- _RECORDS_:
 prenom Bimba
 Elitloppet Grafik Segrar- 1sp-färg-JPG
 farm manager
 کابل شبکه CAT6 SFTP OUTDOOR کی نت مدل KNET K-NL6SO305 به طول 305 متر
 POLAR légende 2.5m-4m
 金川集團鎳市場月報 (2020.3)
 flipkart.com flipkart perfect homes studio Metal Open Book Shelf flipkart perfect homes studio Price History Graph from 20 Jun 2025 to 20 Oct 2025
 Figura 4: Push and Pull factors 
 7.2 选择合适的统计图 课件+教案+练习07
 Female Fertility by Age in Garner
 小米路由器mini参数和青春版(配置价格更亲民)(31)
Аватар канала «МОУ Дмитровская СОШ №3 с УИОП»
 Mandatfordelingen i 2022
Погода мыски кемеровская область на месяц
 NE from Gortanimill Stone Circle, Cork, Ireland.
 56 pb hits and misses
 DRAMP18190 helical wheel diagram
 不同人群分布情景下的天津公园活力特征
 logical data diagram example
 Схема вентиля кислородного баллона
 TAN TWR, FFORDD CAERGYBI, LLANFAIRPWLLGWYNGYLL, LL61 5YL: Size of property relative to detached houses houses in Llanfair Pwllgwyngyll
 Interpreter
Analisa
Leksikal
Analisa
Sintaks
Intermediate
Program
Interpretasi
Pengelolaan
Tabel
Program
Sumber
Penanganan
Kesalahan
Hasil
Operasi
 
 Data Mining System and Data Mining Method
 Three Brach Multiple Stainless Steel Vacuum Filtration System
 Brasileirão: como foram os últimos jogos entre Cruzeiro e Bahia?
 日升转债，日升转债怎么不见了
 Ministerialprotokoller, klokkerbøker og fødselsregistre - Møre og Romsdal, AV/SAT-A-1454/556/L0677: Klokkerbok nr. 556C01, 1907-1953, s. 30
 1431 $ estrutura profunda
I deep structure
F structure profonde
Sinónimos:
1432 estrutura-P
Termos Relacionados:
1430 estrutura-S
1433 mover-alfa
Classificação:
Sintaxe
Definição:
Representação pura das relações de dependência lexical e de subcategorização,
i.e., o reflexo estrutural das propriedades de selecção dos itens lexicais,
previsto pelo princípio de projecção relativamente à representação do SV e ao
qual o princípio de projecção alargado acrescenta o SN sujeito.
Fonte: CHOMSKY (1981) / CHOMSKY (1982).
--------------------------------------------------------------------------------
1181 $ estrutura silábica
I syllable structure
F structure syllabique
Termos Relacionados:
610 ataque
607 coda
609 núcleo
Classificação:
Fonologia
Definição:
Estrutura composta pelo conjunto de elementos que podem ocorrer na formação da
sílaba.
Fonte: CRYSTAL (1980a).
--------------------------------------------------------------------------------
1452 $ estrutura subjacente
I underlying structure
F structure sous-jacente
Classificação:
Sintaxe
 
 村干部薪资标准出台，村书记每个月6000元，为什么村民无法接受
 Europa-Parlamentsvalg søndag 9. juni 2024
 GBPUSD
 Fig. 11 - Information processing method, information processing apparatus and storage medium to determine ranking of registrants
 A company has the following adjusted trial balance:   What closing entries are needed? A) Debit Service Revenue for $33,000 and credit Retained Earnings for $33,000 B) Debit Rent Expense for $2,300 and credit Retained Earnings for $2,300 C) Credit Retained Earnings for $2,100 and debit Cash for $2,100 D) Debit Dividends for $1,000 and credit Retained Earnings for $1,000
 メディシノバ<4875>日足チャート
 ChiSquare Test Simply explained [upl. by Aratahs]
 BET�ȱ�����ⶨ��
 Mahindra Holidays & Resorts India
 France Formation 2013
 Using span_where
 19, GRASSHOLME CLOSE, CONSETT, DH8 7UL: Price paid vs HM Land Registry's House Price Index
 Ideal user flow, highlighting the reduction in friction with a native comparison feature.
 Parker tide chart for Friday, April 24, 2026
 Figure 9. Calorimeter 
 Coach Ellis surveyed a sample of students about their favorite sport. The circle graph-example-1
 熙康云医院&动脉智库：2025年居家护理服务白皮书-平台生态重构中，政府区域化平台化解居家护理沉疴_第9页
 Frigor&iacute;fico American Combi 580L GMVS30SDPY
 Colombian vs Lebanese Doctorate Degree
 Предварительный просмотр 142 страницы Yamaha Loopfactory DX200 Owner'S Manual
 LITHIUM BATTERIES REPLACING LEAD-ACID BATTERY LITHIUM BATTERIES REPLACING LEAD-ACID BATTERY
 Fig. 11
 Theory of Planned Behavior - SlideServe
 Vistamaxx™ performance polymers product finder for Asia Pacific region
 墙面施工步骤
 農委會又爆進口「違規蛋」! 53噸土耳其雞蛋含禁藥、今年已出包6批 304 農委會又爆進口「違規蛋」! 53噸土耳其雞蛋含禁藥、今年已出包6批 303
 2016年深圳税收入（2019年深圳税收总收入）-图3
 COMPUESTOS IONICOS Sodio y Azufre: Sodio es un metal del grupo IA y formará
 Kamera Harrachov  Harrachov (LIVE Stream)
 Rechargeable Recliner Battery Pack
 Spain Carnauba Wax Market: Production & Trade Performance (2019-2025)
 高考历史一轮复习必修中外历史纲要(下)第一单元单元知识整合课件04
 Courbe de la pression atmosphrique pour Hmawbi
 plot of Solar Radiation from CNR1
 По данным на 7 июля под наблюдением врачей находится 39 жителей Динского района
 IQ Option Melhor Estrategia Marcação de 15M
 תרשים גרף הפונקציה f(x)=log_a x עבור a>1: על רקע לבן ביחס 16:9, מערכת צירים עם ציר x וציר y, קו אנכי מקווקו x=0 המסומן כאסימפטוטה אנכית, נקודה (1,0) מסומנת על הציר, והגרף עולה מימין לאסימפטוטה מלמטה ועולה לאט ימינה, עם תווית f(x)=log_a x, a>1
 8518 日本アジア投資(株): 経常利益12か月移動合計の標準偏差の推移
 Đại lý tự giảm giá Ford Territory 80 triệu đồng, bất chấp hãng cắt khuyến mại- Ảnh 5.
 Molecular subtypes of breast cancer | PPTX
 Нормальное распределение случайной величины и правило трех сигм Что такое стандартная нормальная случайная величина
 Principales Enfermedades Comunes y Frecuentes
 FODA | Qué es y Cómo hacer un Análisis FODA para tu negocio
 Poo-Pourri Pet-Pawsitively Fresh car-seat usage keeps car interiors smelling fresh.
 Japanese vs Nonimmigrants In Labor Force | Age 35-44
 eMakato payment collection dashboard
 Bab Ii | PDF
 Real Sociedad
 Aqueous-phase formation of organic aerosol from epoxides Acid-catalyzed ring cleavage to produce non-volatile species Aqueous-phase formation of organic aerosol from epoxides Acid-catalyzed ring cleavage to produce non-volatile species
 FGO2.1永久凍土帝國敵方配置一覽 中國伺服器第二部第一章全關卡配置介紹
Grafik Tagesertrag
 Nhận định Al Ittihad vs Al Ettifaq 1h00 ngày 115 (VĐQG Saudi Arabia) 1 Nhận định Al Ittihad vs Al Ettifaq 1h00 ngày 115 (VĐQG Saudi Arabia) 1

- _ASSIGNMENT_:
What lines in the entries above hold "from"? Copy every one.

- _EXERCISE SOLUTION_:
 flipkart.com flipkart perfect homes studio Metal Open Book Shelf flipkart perfect homes studio Price History Graph from 20 Jun 2025 to 20 Oct 2025
 NE from Gortanimill Stone Circle, Cork, Ireland.
 plot of Solar Radiation from CNR1
 Aqueous-phase formation of organic aerosol from epoxides Acid-catalyzed ring cleavage to produce non-volatile species Aqueous-phase formation of organic aerosol from epoxides Acid-catalyzed ring cleavage to produce non-volatile species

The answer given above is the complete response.